- IATA: none; ICAO: LIRM;

Summary
- Airport type: Military
- Operator: Italy
- Serves: Caserta, Italy
- Elevation AMSL: 30 ft / 9 m
- Coordinates: 41°03′39″N 014°4′55″E﻿ / ﻿41.06083°N 14.08194°E
- Interactive map of Grazzanise Air Base

Runways
| Direction | Length |  | Surface |
| m | ft |
| 06R/24L | 2,991 | 9,813 | Asphalt |
- Source: DAFIF

= Grazzanise Air Base =

Grazzanise Air Base (also known as "Carlo Romagnoli Airport") (ICAO: LIRM) is an Italian Air Force air base 2 km south of Grazzanise, in the Province of Caserta in the region of Campania, located about 20 km west of Caserta (the airport for this city), and 30 km northwest of Naples, Italy.

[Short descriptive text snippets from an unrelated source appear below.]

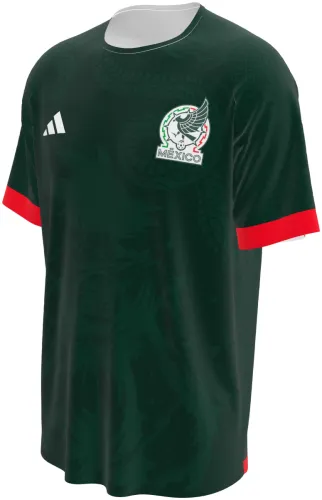 Camisa conceito do México 2026 verde-escura com águia e ornamento asteca, frente e costas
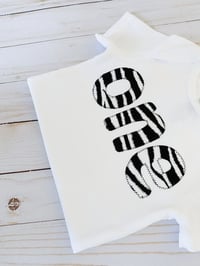 Image 2 of Zebra Print First Birthday “One” Baby Bodysuit Neutral Boy Girl Party Top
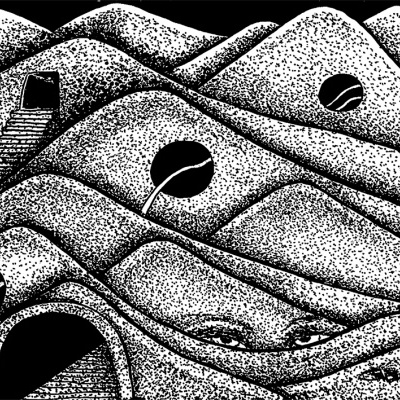 Ilustração em preto e branco com formas onduladas e buracos circulares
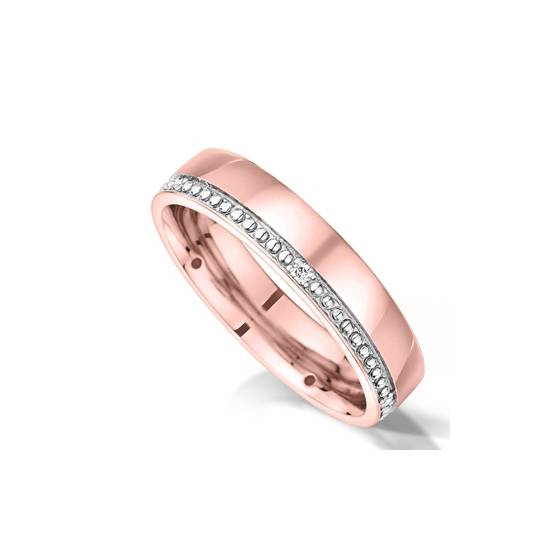 5mm Vintage Round Diamond Wedding Ring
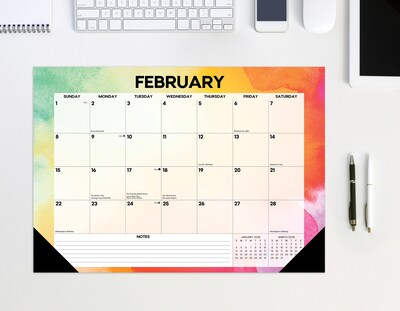 2026 Willow Creek Rainbow Gradient 17" x 12" Monthly Desk Pad Calendar (57155)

It has two, parallel runways (06/24) with the main, asphalt runway being 06R/24L, 2991 m x 30 m, at elevation 9 m. The parallel concrete runway is for limited helicopter operations, as it has no taxiway connection to the rest of the base. There is a dispersal and hangar area on the eastern end for nine aircraft, with larger maintenance hangars and parking areas at each end.

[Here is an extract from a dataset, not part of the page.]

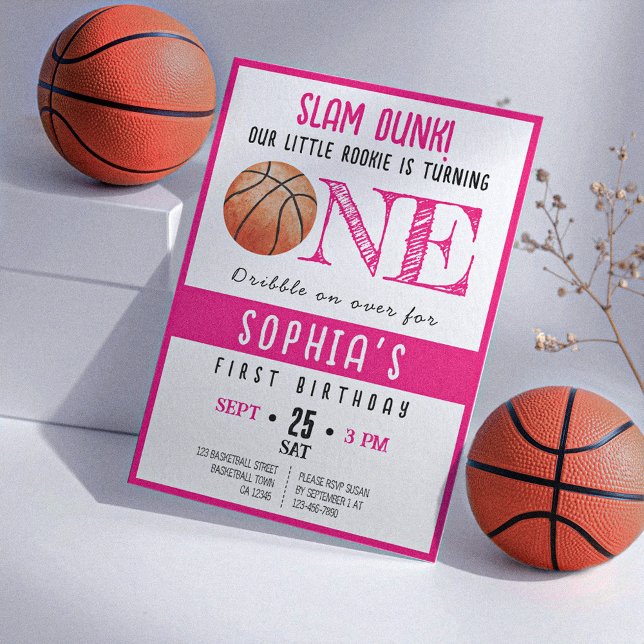 Invitation Watercolor Rookie Basketball fille 1er anniversair (Créateur téléchargé)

Navigation aids sited at the field are TACAN and NDB.

==Units==
The main base complex is about 0.5 km north-west of the airfield. It is the base for:
- 9º Stormo Francesco Baracca (Italian entry) (9th Combat Search and Rescue Wing), part of Support and Special Forces Command
- 2nd NATO Signal Squadron (a component of the NATO Communications and Information Agency, supporting the Allied Joint Force Command Naples)

===Previous use===
The air base was formerly the site of operations for squadrons equipped with the North American F-86 Sabre, Fiat G.91 and Lockheed F-104 Starfighter. An F-86 and an F-104 are mounted on a pole within the 2nd NATO Signal Squadron compound north of the air base.